La primera reacción del Presidente fue de irritación y condena. Al punto que antes de que lo fueran a comprometer, fundió dos fusibles operativos, al brigadier general Mauricio Zúñiga y al general Jorge Zuluaga. Lo que vino a costarle un enfrentamiento subido de tono, en do mayor, con el Ministro Pinzón, ministro uribista de Defensa, que condenó las destituciones que le llegaron de la Presidencia. Pero lo más grave políticamente hablando es que la Presidencia no hubiera estado enterada de la existencia de la agencia de interceptaciones. El Presidente también debió creer que era una agencia del Centro Democrático, pero cuando el Ministro le dice que es su propia inteligencia, se sulfura en privado y mantiene la decisión de destituir a los dos altos oficiales, acusándolos de “falta de criterio”. La verdad fue que los destituyó porque no le contaron que iban a poner el negocio.

Hicieron incurrir al Presidente en el mayor ridículo oficial posible, ser deliberadamente desinformado por parte de sus fuerzas armadas, que rompieron la cadena ejecutiva de mando, por una razón tal, que el Presidente no podía enterarse. Pero entonces ¿para quién trabaja el Ministro Pinzón, el mayor responsable? Nadie estaba más molesto con las destituciones que él, y con toda la razón. A los dos militares los destituyeron por seguir órdenes.

¿La información sobre las comunicaciones entre los miembros de la comisión negociadora en la Habana, y los menajes entre la comisión de las Farc, a quién le sirven? Desde luego que el primer beneficiario siempre será el gobierno mismo, y el segundo, Monseñor Uribe. Con todo lo cual y a la vista de los hechos, la responsabilidad de Uribe en el asunto, si bien se cuestiona al ponerse en evidencia que la agencia es oficial, con licencia para espiar, no deja de hacerlo ver como el otro beneficiario, frente al cual el Ministro Pinzón, muestra una corajuda y afirmativa obsecuencia.

Santos debería destituir a Pinzón, que nunca ha estado de acuerdo con el proceso de paz. Pero si no lo hace, por razones de conveniencia, para no exacerbar a los militares uribistas, y a Uribe mismo, porque estamos en elecciones y una crisis de tal magnitud no ayuda a la campaña, habrá aceptado, con lo que tal cosa significa en términos de gobernabilidad, que al interior del gobierno hay fuerzas armadas opositoras al gobierno mismo, que toma decisiones y las ejecuta, fuera de la agenda oficial de defensa del gobierno Santos.

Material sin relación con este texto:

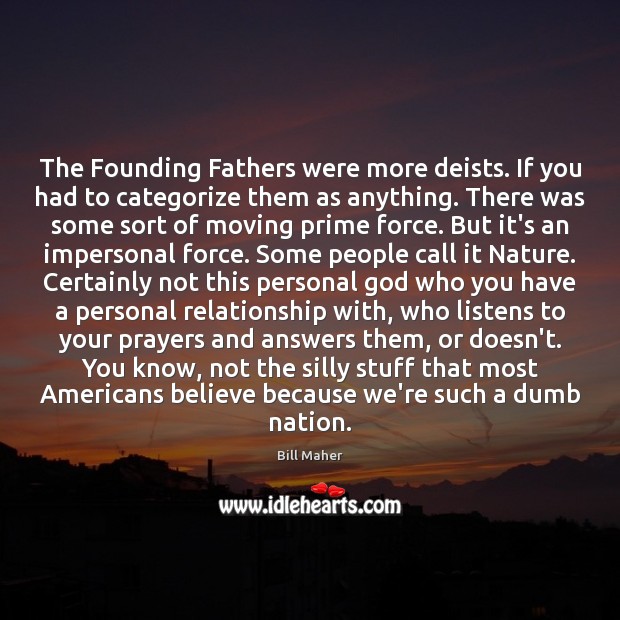 The Founding Fathers were more deists. If you had to categorize them Bill Maher Picture Quote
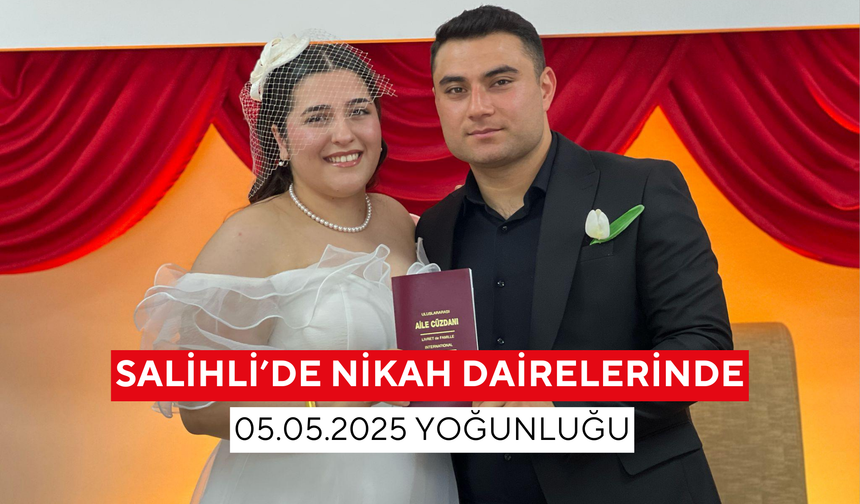 Salihli’de nikah dairelerinde 05.05.2025 yoğunluğu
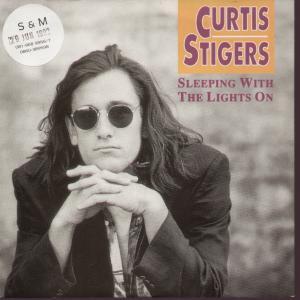 Curtis Stigers - Sleeping With The Lights On - 7 Inch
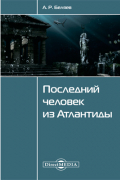 Александр Беляев - Последний человек из Атлантиды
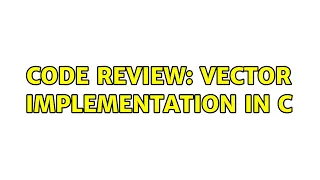 Code Review Vector Implementation in C 4 Solutions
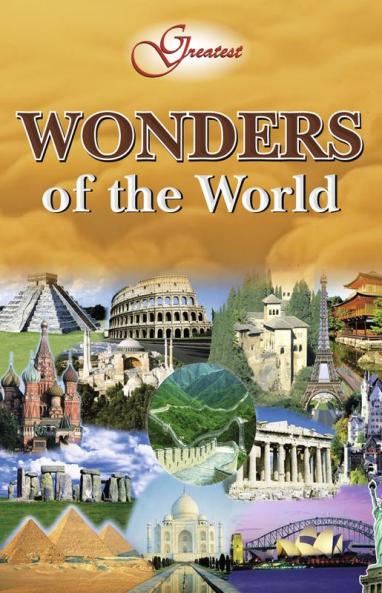 Greatest Wonders Of The World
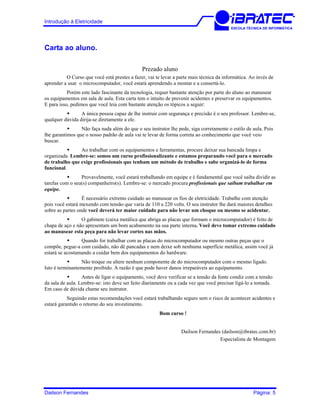 Introdução à Eletricidade
ESCOLA TÉCNICA DE INFORMÁTICA
Carta ao aluno.
Prezado aluno
O Curso que você está prestes a fazer, vai te levar a parte mais técnica da informática. Ao invés de
aprender a usar o microcomputador, você estará aprendendo a montar e a consertá-lo.
Porém este lado fascinante da tecnologia, requer bastante atenção por parte do aluno ao manusear
os equipamentos em sala de aula. Esta carta tem o intuito de prevenir acidentes e preservar os equipamentos.
E para isso, pedimos que você leia com bastante atenção os tópicos a seguir:
A única pessoa capaz de lhe instruir com segurança e precisão é o seu professor. Lembre-se,
qualquer dúvida dirija-se diretamente a ele.
Não faça nada além do que o seu instrutor lhe pede, siga corretamente o estilo de aula. Pois
lhe garantimos que o nosso padrão de aula vai te levar de forma correta ao conhecimento que você veio
buscar.
Ao trabalhar com os equipamentos e ferramentas, procure deixar sua bancada limpa e
organizada. Lembre-se: somos um curso profissionalizante e estamos preparando você para o mercado
de trabalho que exige profissionais que tenham um método de trabalho e sabe organizá-lo de forma
funcional.
Provavelmente, você estará trabalhando em equipe e é fundamental que você saiba dividir as
tarefas com o seu(s) companheiro(s). Lembre-se: o mercado procura profissionais que saibam trabalhar em
equipe.
É necessário extremo cuidado ao manusear os fios de eletricidade. Trabalhe com atenção
pois você estará mexendo com tensão que varia de 110 a 220 volts. O seu instrutor lhe dará maiores detalhes
sobre as partes onde você deverá ter maior cuidado para não levar um choque ou mesmo se acidentar.
O gabinete (caixa metálica que abriga as placas que formam o microcomputador) é feito de
chapa de aço e não apresentam um bom acabamento na sua parte interna. Você deve tomar extremo cuidado
ao manusear esta peça para não levar cortes nas mãos.
Quando for trabalhar com as placas do microcomputador ou mesmo outras peças que o
compõe, pegue-a com cuidado, não dê pancadas e nem deixe sob nenhuma superfície metálica, assim você já
estará se acostumando a cuidar bem dos equipamentos do hardware.
Não troque ou altere nenhum componente de do microcomputador com o mesmo ligado.
Isto é terminantemente proibido. A razão é que pode haver danos irreparáveis ao equipamento.
Antes de ligar o equipamento, você deve verificar se a tensão da fonte condiz com a tensão
da sala de aula. Lembre-se: isto deve ser feito diariamente ou a cada vez que você precisar ligá-lo a tomada.
Em caso de dúvida chame seu instrutor.
Seguindo estas recomendações você estará trabalhando seguro sem o risco de acontecer acidentes e
estará garantido o retorno do seu investimento.
Bom curso !
Dailson Fernandes (dailson@ibratec.com.br)
Especialista de Montagem
Dailson Fernandes Página: 5
 
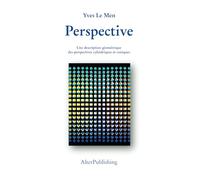 Perspective: Une description géométrique des perspectives cylindriques et coniques (Collection Yves Le Men)
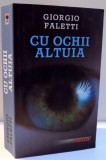 CU OCHII ALTUIA de GIORGIO FALETTI , 2007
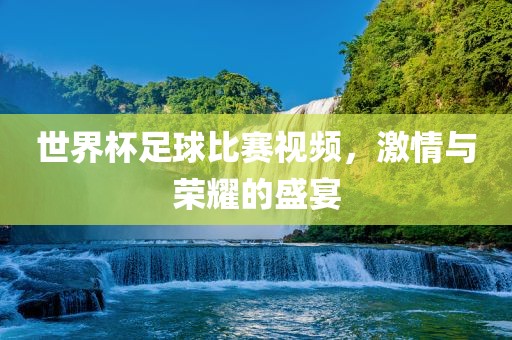 世界杯足球比赛视频，激情与荣耀的盛宴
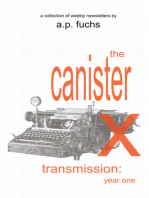 The Canister X Transmission: Year One - Collected Newsletters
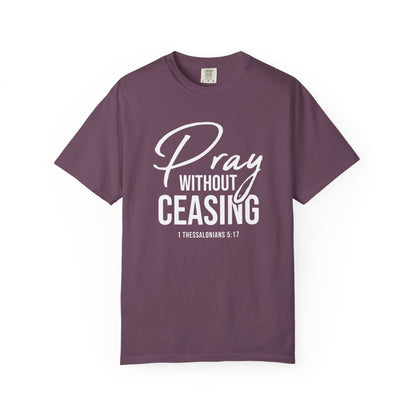 Pray Without Ceasing "1 Thessalonians 5:17" 100% Cotton T-shirt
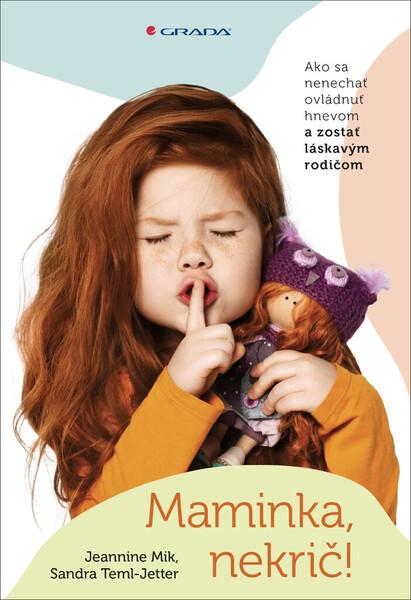 Maminka, nekrič! - 978-80-8090-144-8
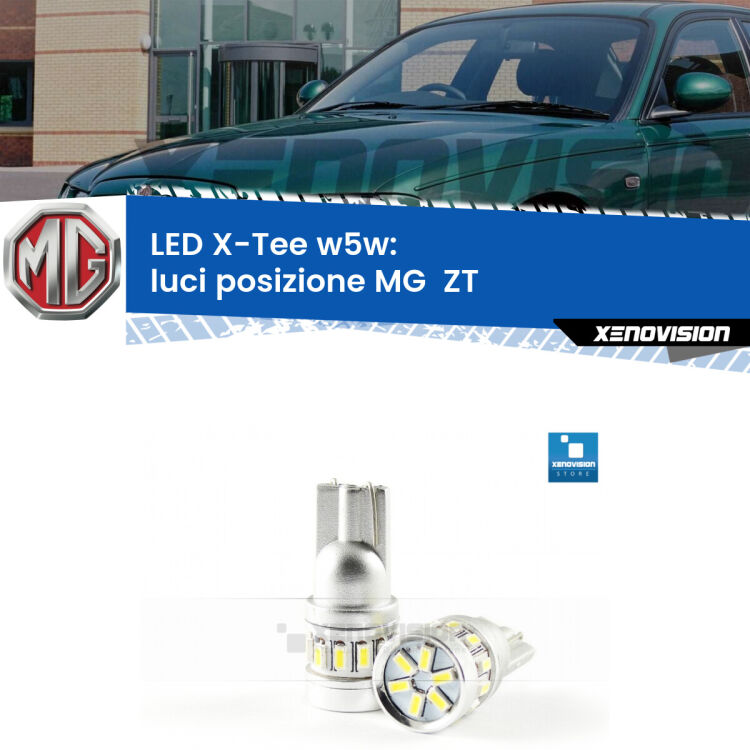 <strong>LED luci posizione per MG  ZT</strong>  2001-2005. Lampade <strong>W5W</strong> modello X-Tee Xenovision top di gamma.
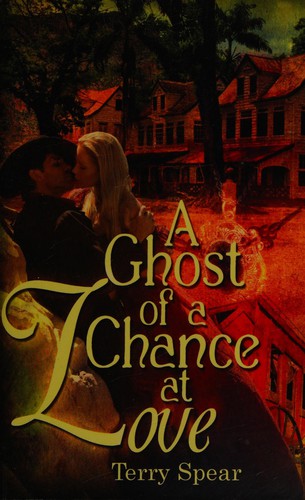 Cover of Ghost of a Chance at Love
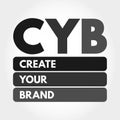 CYB - Create Your Brand acronym concept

Un gobierno con unas fuerzas armadas filtradas por un oscuro aire conspirativo de tejido fascista, es un gobierno débil. Y eso lo saben las Farc. El mensaje que ha terminado por darse con el incidente Buggly, es que el gobierno que negocia podría no contar con la solidaridad efectiva de algunos sectores de las fuerza activas, exactamente lo mismo que pasa en las Farc.

A corto plazo la destitución del Ministro Pinzón tiene un alto costo político para Santos, pero a largo plazo, le daría ventajas potentes de situación para llegar a la firma del acuerdo para la terminación del conflicto, y en el manejo del pos-conflicto mismo, que está previendo para el 2015.

En Colombia a nadie se le niega una chuzada. Siguiendo el buen ejemplo de Obama.